The irony of this howler is even more bitter when we consider that Labor Day was once more than just the last day the pool is open and actually a real celebration of the working man, like those glorified in the mural by Diego Rivera above. Conversely, how can a man who has served in the Senate for nearly 40 years now ever be described as "working class" by any definition whatsoever? The U.S. Senate is modeled after the original Roman Senate for which membership was open only to the wealthiest and most prominent citizens of the Republic. As a practical matter, the same is true in America today.
Furthermore, if Paul Ryan--who, like Biden, has spent his entire career in public service--is wealthy and a symbol of Republican plutocracy with his comparatively modest income in the House of Representatives--which is modeled after the British House of Commons, incidentally--wouldn't that imply that Biden is also one of the evil wealthy capitalist pigs by virtue of his higher salary and longer tenure in the more august upper chamber?

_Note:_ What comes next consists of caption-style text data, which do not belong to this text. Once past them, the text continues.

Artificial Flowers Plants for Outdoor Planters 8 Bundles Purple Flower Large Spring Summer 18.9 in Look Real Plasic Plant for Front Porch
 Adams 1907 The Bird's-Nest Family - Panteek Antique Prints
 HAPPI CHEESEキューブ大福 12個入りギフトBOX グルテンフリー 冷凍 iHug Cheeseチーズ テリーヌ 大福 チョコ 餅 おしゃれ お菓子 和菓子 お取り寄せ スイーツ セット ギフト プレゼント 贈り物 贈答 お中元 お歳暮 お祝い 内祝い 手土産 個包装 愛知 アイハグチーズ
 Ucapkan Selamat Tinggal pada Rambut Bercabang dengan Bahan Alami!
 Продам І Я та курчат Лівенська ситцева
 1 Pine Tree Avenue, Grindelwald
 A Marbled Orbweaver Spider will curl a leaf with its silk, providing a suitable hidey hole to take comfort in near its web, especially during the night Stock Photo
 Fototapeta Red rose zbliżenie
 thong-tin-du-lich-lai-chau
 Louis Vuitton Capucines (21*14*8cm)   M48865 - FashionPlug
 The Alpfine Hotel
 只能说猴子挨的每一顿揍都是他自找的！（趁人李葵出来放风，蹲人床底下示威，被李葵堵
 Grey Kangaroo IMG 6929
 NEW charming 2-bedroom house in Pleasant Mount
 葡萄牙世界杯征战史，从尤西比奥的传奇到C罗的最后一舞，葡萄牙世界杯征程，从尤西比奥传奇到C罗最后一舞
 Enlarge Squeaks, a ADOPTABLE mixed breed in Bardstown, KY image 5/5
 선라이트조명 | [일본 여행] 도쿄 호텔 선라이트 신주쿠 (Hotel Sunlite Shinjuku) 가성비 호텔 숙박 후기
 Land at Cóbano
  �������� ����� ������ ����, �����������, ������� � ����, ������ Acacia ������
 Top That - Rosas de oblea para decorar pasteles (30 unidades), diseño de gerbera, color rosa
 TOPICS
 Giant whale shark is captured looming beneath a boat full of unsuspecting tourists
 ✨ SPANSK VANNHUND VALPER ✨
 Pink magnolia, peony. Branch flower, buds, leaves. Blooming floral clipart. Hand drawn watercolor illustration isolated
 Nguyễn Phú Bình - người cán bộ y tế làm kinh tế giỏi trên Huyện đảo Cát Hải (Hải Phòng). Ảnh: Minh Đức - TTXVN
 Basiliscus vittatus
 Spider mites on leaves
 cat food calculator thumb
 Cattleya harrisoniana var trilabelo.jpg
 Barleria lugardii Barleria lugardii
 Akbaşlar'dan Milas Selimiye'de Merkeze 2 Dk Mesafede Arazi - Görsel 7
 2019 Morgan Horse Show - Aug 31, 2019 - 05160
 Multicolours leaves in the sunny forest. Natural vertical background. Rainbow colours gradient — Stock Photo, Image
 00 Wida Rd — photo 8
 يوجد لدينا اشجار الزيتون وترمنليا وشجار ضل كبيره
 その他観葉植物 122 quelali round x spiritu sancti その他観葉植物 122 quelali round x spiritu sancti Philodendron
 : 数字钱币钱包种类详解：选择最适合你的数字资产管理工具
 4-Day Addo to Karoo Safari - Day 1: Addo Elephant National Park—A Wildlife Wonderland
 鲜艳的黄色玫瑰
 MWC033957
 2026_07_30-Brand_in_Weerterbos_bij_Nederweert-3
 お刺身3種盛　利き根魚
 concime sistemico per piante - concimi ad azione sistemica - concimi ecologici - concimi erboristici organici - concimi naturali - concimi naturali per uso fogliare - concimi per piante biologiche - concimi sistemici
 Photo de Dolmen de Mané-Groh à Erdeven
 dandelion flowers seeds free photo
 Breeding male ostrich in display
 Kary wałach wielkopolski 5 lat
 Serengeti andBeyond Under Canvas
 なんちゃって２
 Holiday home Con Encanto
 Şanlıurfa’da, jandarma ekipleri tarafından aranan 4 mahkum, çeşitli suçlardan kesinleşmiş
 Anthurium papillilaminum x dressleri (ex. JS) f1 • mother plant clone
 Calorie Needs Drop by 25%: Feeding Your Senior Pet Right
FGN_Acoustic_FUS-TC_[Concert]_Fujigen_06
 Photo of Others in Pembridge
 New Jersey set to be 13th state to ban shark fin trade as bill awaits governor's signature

The only other explanation for Biden’s lower socioeconomic status is that he has foolishly outspent his means (all taxpayer funded, of course) and taken out a second mortgage on his million-dollar home, multiple lines of credit with his life insurance as collateral, and squandered more taxpayer funds on his infamous first-class daily commute on Amtrak while Ryan has carefully and judiciously invested his more modest income to build up a greater fortune for the security of his family and future generations.
Given that our overextended entitlement programs closely resemble Biden's finances, this comparison is particularly instructive. Who should we trust more to manage the public fisc? In these lean times, we should place our trust in the proverbial ants who built up their store of provisions during the days of plenty than with the profligate grasshopper Biden. Like the grasshopper of fable, Biden's song and dance would be entertaining if we were at our ease in the golden days of summer.
We do not have that luxury. In these bleak and desperate times, we need men and women of substance and integrity like Congressman Ryan who understand that reforming entitlements is more than just a political game and is not merely necessary, but will become an existential crisis for our democracy if not solved within this decade. We cannot wait for 2016 to finally give serious thought to the defining issue of our age.
Fortunately for the future of this country, regardless of whether Mitt Romney wins or loses the election, Ryan will be in charge of the budget--either in the White House or in the House of Representatives. Democrats should be careful about mocking the man for his financial success, because they're going to have to work with him to mend the nation's finances whether they like it or not.